## WHAT IS BEING ASKED
Make an exact copy of the entries below, with all images left out.

## Records from a collection
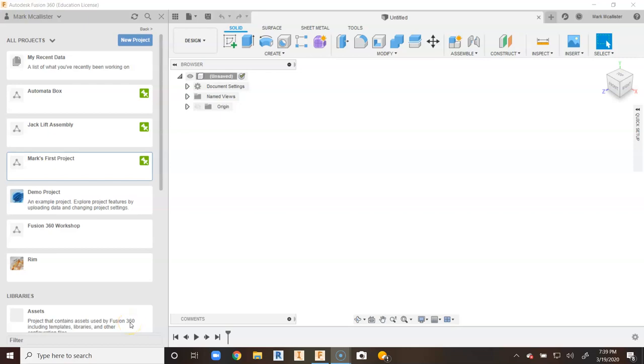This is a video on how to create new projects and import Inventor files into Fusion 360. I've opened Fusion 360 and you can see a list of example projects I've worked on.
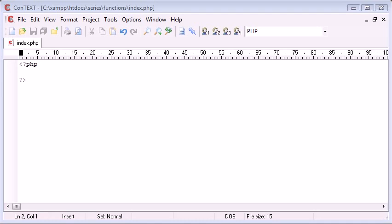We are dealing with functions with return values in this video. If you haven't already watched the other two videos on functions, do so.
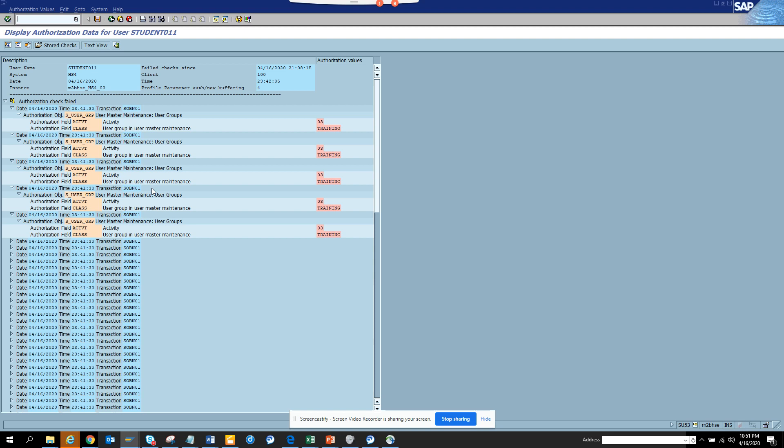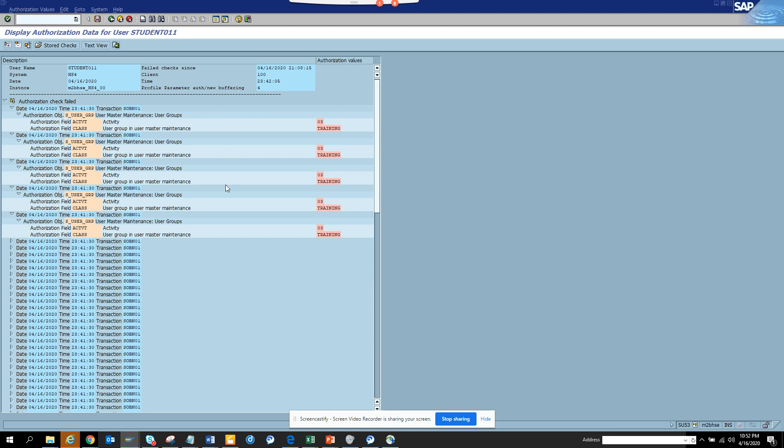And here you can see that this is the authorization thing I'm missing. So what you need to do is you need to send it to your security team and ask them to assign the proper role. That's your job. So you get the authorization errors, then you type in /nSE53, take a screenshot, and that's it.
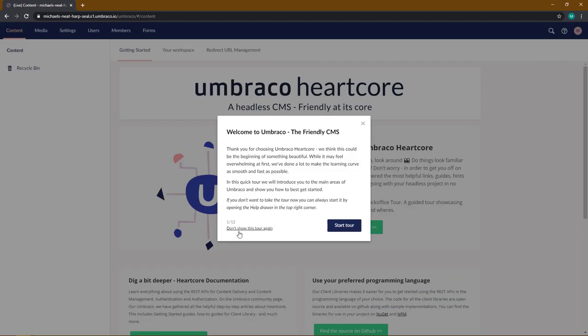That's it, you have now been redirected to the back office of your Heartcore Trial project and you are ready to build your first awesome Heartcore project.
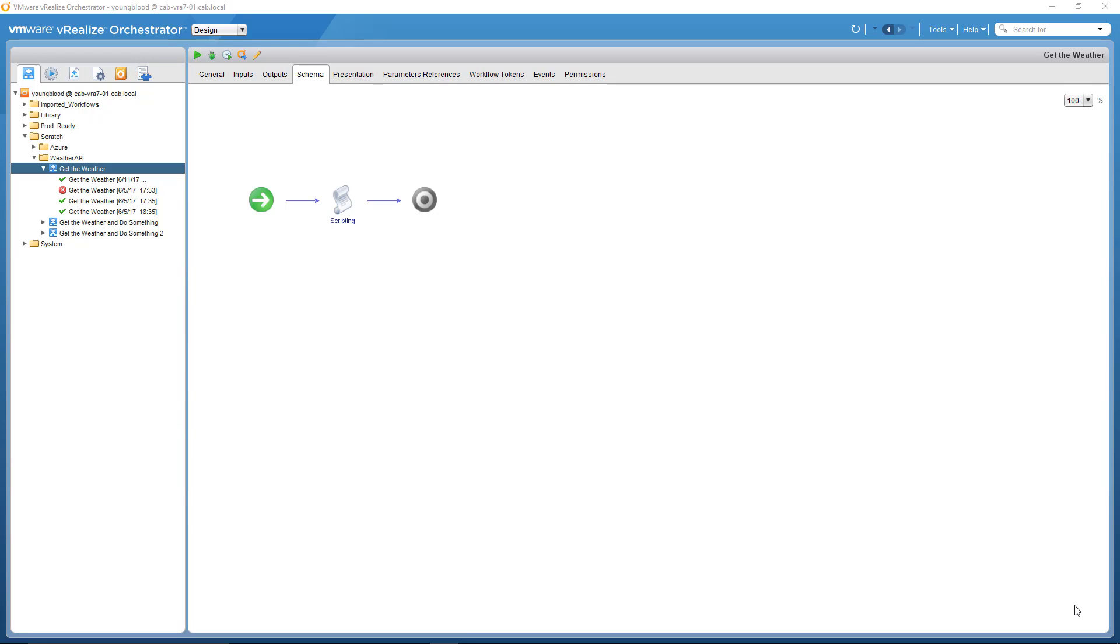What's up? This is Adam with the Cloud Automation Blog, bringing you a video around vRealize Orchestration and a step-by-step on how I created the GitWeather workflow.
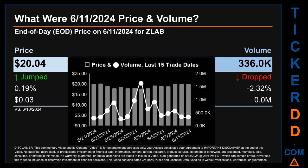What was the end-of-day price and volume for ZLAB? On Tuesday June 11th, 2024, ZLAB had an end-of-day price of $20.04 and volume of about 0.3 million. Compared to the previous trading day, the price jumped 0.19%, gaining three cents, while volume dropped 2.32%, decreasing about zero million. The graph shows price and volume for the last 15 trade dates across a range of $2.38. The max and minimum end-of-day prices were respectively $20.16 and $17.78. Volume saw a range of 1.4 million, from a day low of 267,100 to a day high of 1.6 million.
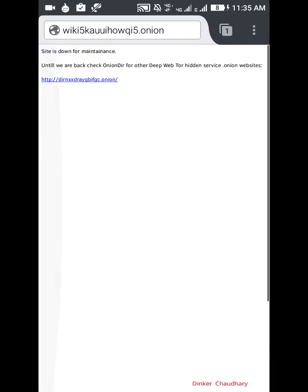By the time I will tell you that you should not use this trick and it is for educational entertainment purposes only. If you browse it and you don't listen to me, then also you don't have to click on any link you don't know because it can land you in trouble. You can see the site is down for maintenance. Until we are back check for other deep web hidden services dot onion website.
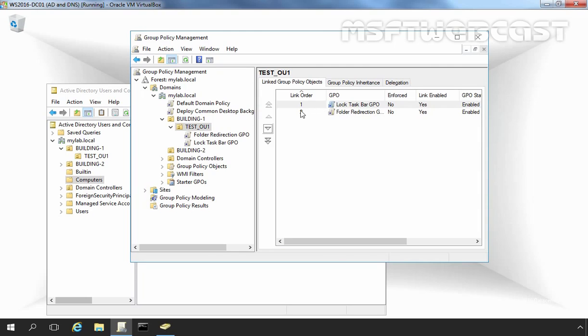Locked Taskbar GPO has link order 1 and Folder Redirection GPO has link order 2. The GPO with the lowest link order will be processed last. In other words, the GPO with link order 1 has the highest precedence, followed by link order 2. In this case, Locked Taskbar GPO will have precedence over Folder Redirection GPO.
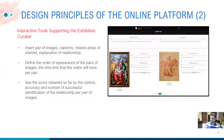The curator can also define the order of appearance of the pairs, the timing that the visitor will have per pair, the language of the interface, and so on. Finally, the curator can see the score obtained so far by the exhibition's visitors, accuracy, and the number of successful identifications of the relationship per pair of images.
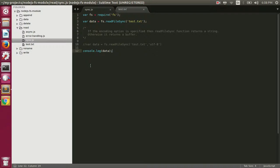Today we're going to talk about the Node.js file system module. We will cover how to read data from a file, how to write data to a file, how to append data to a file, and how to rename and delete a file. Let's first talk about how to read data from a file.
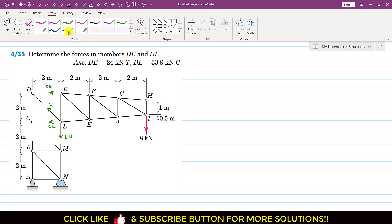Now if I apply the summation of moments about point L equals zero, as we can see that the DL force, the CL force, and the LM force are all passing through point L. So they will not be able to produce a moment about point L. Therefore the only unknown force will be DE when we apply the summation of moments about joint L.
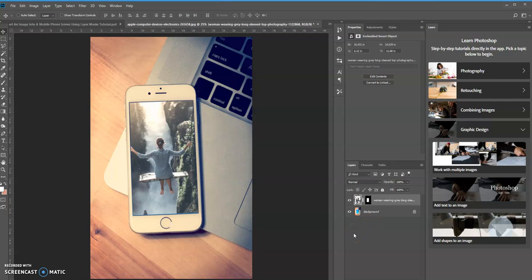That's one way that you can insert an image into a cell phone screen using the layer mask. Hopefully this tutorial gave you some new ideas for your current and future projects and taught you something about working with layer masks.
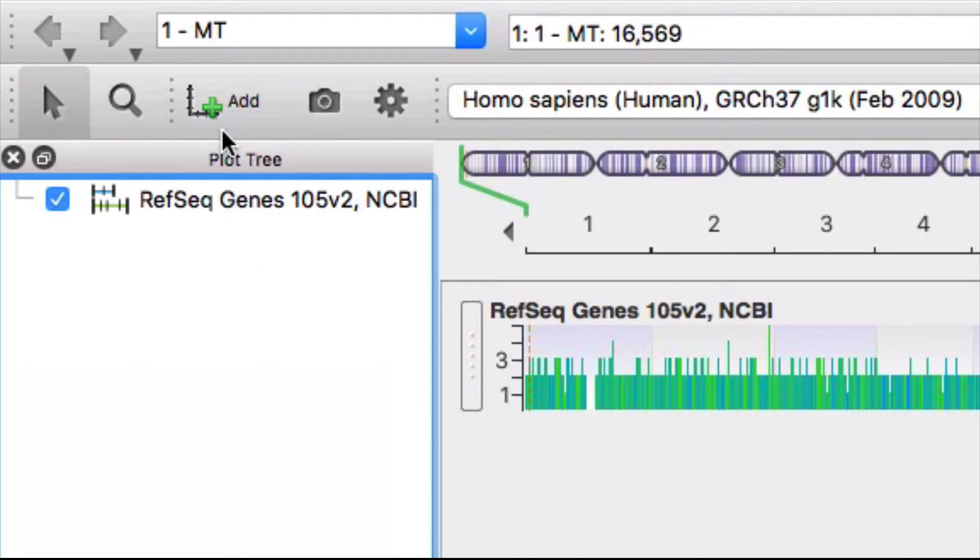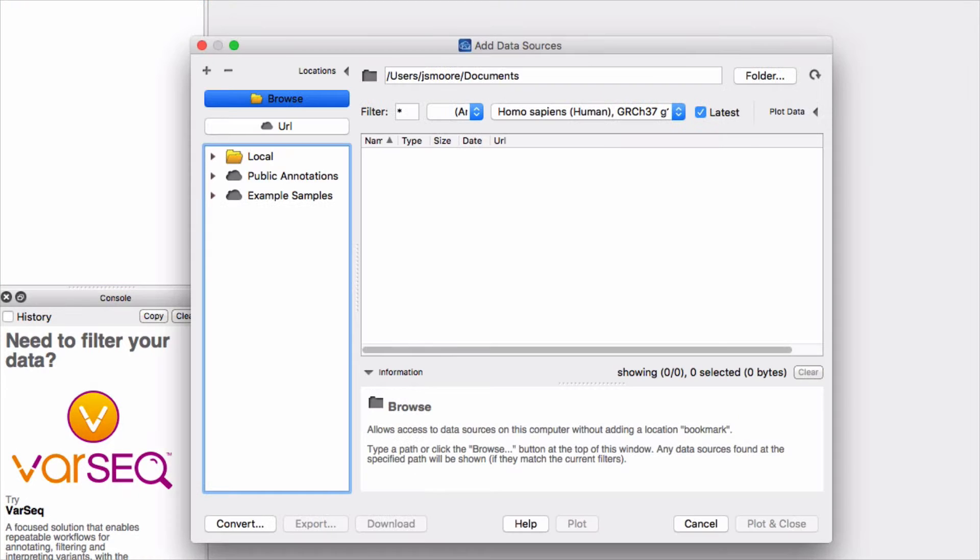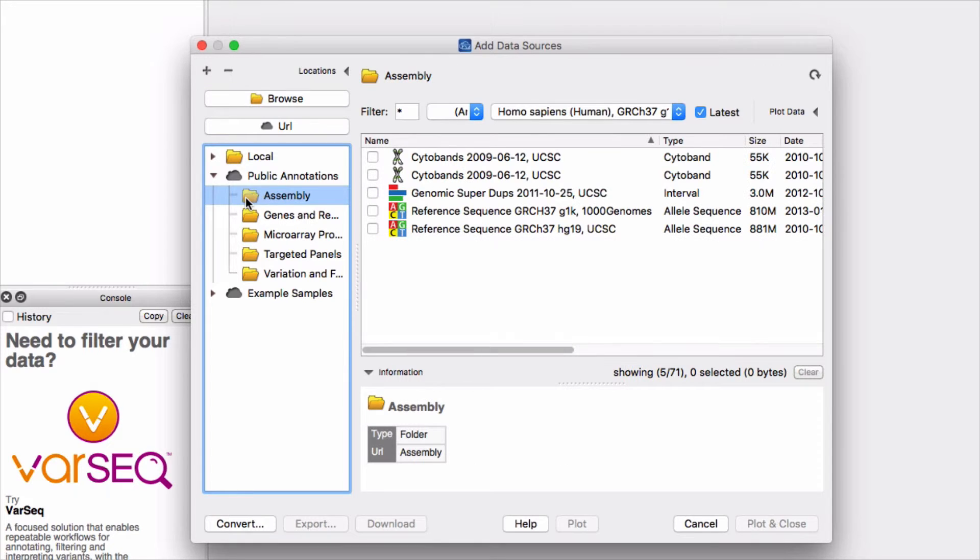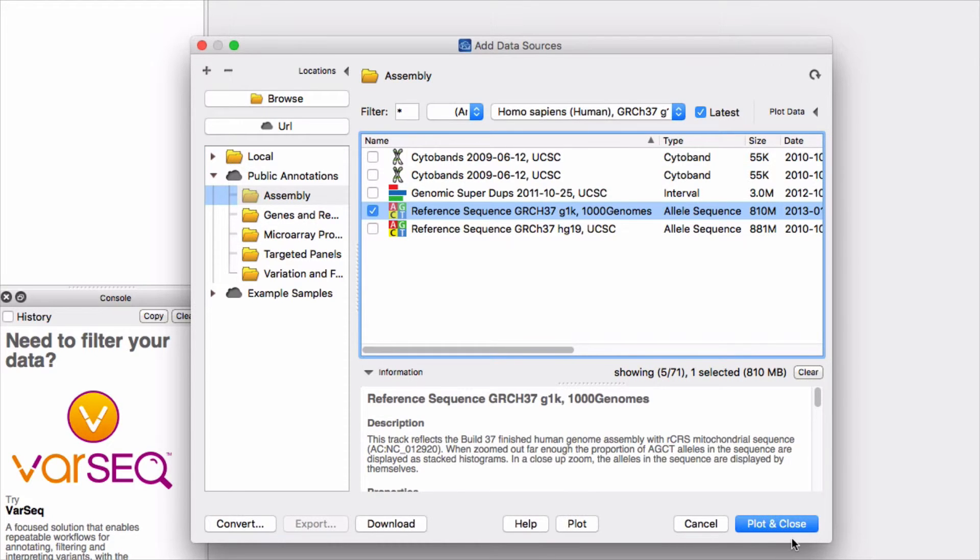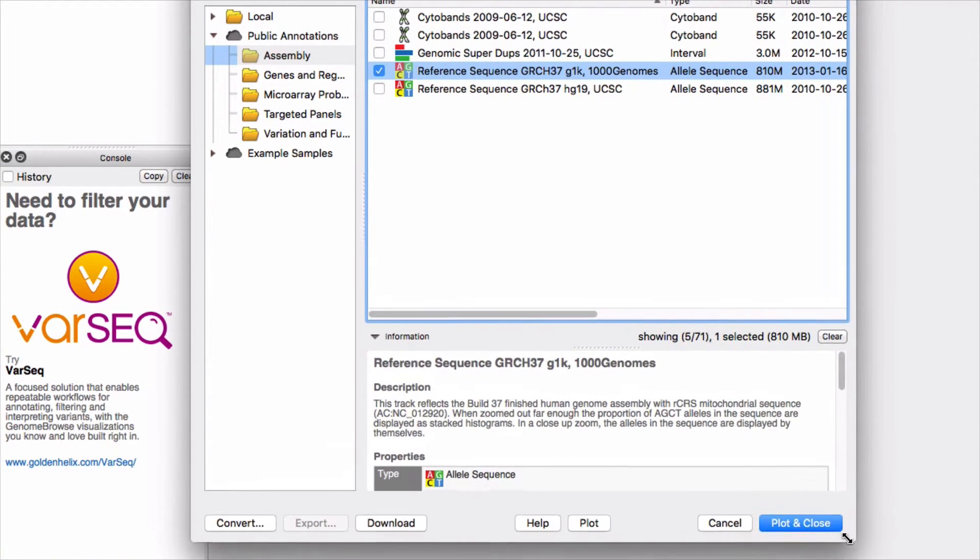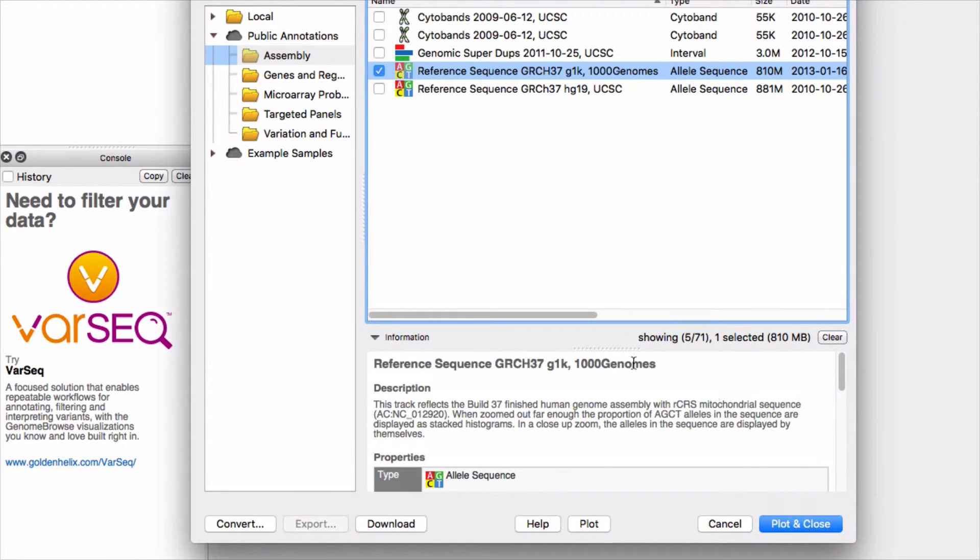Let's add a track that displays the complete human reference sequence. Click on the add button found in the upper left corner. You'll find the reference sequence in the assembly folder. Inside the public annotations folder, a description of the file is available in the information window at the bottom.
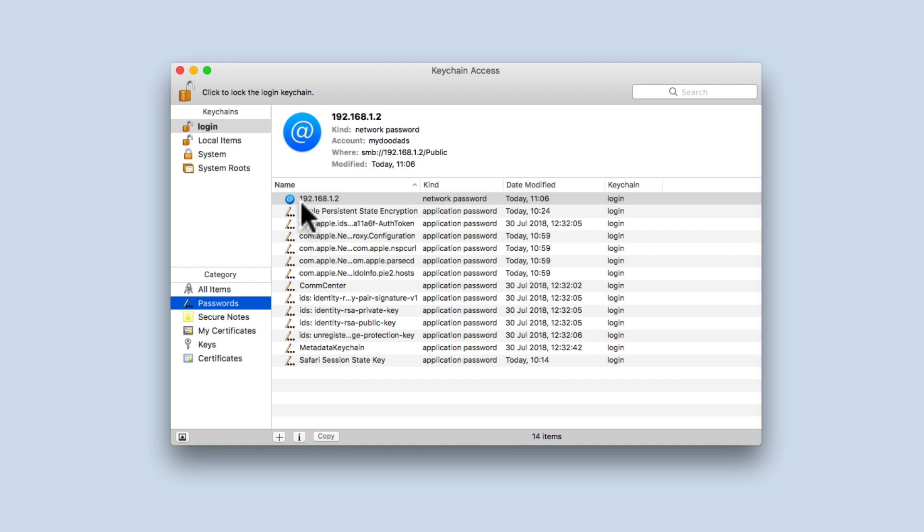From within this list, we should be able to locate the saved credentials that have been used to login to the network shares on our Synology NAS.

## THE COMPLETED TASK
This is a video on how to create new projects and import Inventor files into Fusion 360. I've opened Fusion 360 and you can see a list of example projects I've worked on.
We are dealing with functions with return values in this video. If you haven't already watched the other two videos on functions, do so.
And here you can see that this is the authorization thing I'm missing. So what you need to do is you need to send it to your security team and ask them to assign the proper role. That's your job. So you get the authorization errors, then you type in /nSE53, take a screenshot, and that's it.
That's it, you have now been redirected to the back office of your Heartcore Trial project and you are ready to build your first awesome Heartcore project.
What's up? This is Adam with the Cloud Automation Blog, bringing you a video around vRealize Orchestration and a step-by-step on how I created the GitWeather workflow.
What was the end-of-day price and volume for ZLAB? On Tuesday June 11th, 2024, ZLAB had an end-of-day price of $20.04 and volume of about 0.3 million. Compared to the previous trading day, the price jumped 0.19%, gaining three cents, while volume dropped 2.32%, decreasing about zero million. The graph shows price and volume for the last 15 trade dates across a range of $2.38. The max and minimum end-of-day prices were respectively $20.16 and $17.78. Volume saw a range of 1.4 million, from a day low of 267,100 to a day high of 1.6 million.
By the time I will tell you that you should not use this trick and it is for educational entertainment purposes only. If you browse it and you don't listen to me, then also you don't have to click on any link you don't know because it can land you in trouble. You can see the site is down for maintenance. Until we are back check for other deep web hidden services dot onion website.
Locked Taskbar GPO has link order 1 and Folder Redirection GPO has link order 2. The GPO with the lowest link order will be processed last. In other words, the GPO with link order 1 has the highest precedence, followed by link order 2. In this case, Locked Taskbar GPO will have precedence over Folder Redirection GPO.
The curator can also define the order of appearance of the pairs, the timing that the visitor will have per pair, the language of the interface, and so on. Finally, the curator can see the score obtained so far by the exhibition's visitors, accuracy, and the number of successful identifications of the relationship per pair of images.
Today we're going to talk about the Node.js file system module. We will cover how to read data from a file, how to write data to a file, how to append data to a file, and how to rename and delete a file. Let's first talk about how to read data from a file.
Now if I apply the summation of moments about point L equals zero, as we can see that the DL force, the CL force, and the LM force are all passing through point L. So they will not be able to produce a moment about point L. Therefore the only unknown force will be DE when we apply the summation of moments about joint L.
That's one way that you can insert an image into a cell phone screen using the layer mask. Hopefully this tutorial gave you some new ideas for your current and future projects and taught you something about working with layer masks.
Let's add a track that displays the complete human reference sequence. Click on the add button found in the upper left corner. You'll find the reference sequence in the assembly folder. Inside the public annotations folder, a description of the file is available in the information window at the bottom.
From within this list, we should be able to locate the saved credentials that have been used to login to the network shares on our Synology NAS.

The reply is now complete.